------ Supplied material

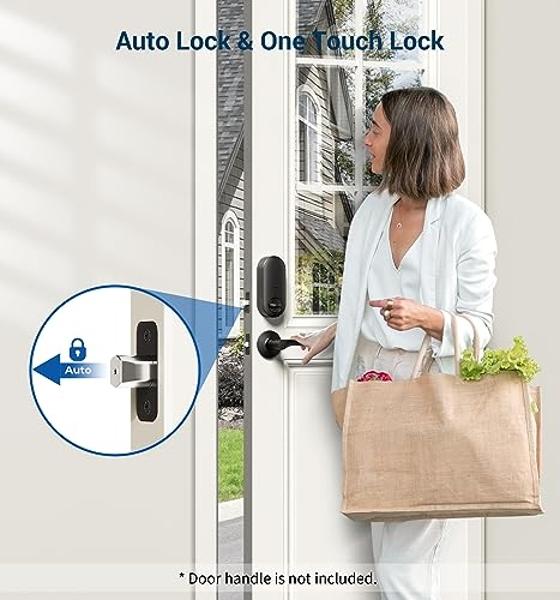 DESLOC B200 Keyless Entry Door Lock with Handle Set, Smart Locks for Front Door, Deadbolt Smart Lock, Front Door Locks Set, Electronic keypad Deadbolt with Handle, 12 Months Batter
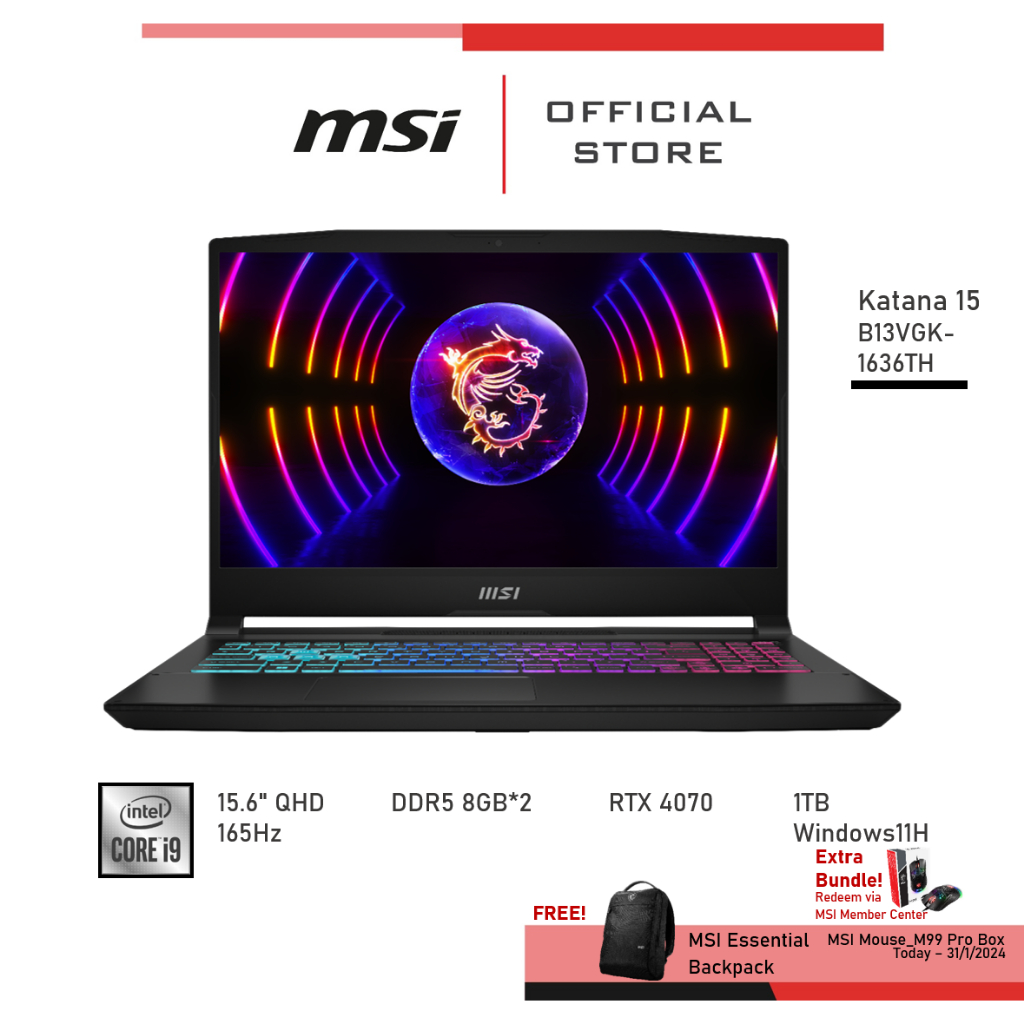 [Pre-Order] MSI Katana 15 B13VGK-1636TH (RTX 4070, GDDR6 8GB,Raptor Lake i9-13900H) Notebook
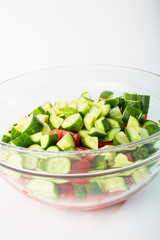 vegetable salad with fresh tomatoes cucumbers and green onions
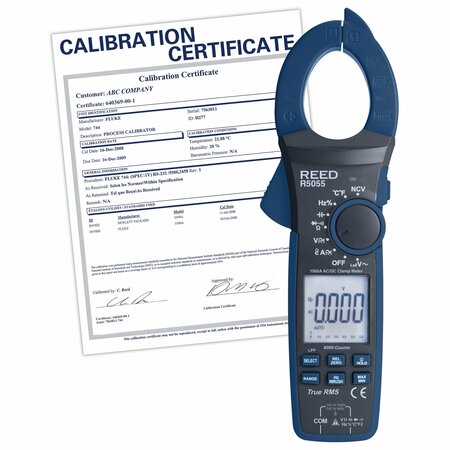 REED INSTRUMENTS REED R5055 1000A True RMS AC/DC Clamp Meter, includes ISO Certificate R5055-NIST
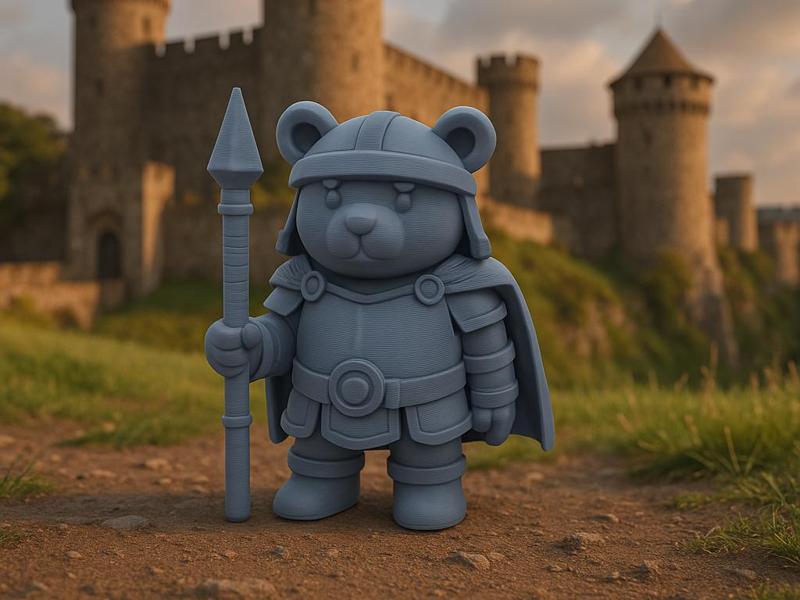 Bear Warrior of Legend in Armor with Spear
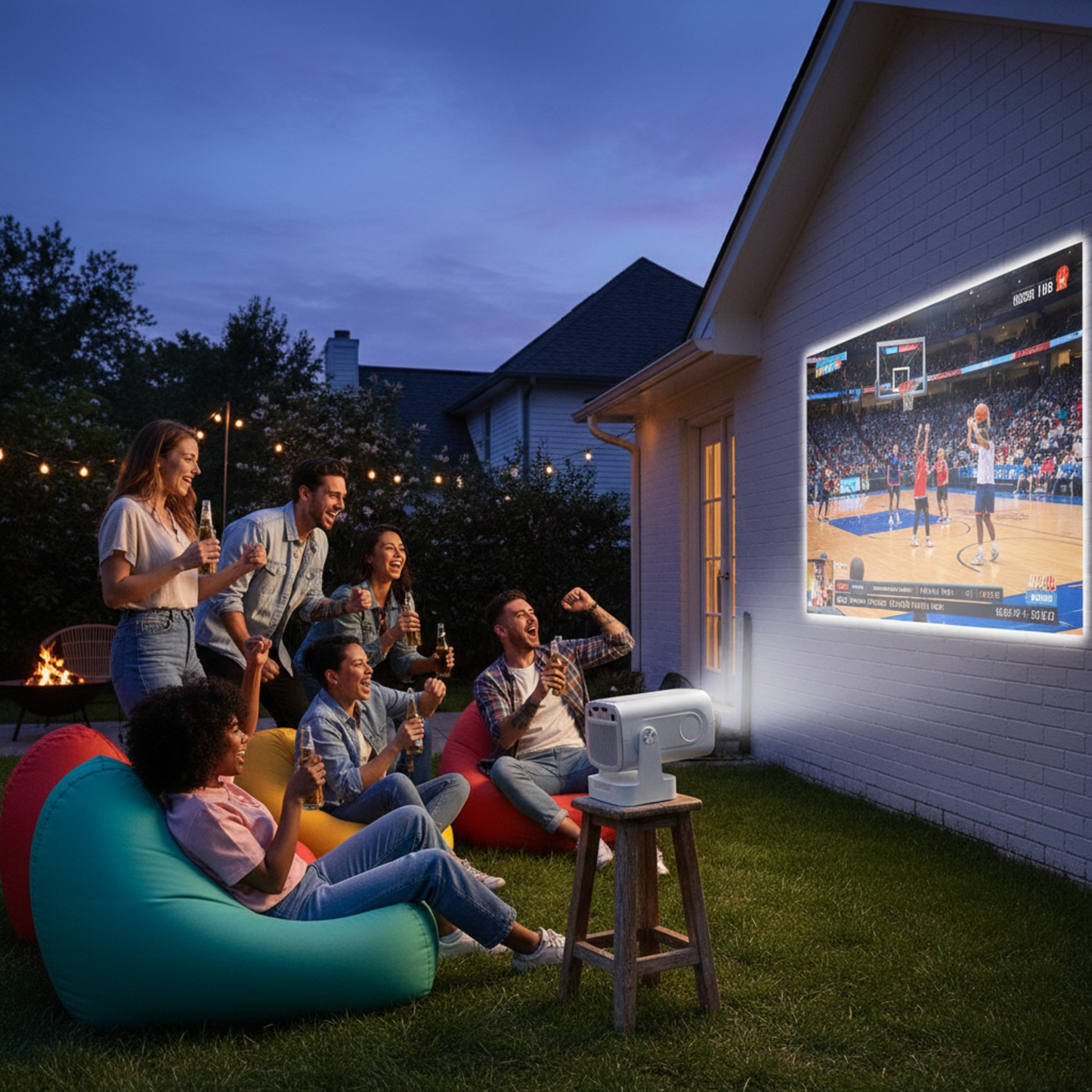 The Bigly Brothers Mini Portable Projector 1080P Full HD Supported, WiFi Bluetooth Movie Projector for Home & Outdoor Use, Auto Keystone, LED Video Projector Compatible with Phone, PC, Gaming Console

------------

_Exercise objective_:
The answer must consist solely of the lines from the one with "Bear Warrior of Legend in Armor with Spear" through the final line of the data, each reproduced exactly and with pictures omitted.

_Solution_:
 Bear Warrior of Legend in Armor with Spear
 The Bigly Brothers Mini Portable Projector 1080P Full HD Supported, WiFi Bluetooth Movie Projector for Home & Outdoor Use, Auto Keystone, LED Video Projector Compatible with Phone, PC, Gaming Console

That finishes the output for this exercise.